Fundamentalists never tolerate moderation

The worst-case scenario is unfolding in Egypt, where the Muslim Brotherhood has broken its pledge not to seek the presidency.

Since the ouster of Mr. Mubarak, however, many younger and reform-minded members have said they have grown disappointed with Mr. Shater. They say he has enforced an insular and hierarchical culture left over from the group’s decades underground. Mr. Shater led a push to bar Brotherhood members from dissenting from the political stands of its Freedom and Justice Party, and he led the expulsion of those who sought less conservative Islamist politics.

To those who reflexively blame President Obama, a question: Would you have intervened militarily to keep the Murbarak regime in power? Because that’s what it would have taken to prevent last year’s democratic uprising.

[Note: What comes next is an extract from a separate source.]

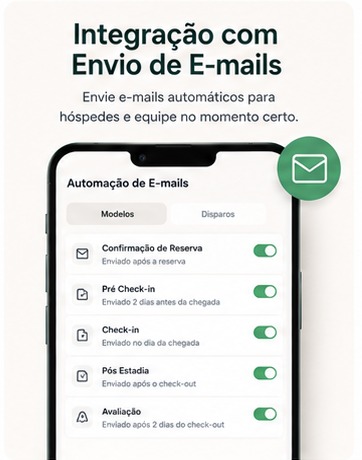 Notificações por E-mail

America has no business suppressing the will of the people, here or abroad. Unfortunately, the Muslim Brotherhood seems likely to impose its will on Egyptians whether they like it or not.

One response to “Fundamentalists never tolerate moderation”

  1. I am not at all sure that it would have required U.S. military intervention. A few words of support from the President, rather than pulling the rug out from under Mubarak, may have sufficed.

    But I acknowledge there is no easy or ideal way to manage such a delicate matter, and whatever Obama did would have been second-guessed. The “Arab Spring” is a lose-lose proposition for the West.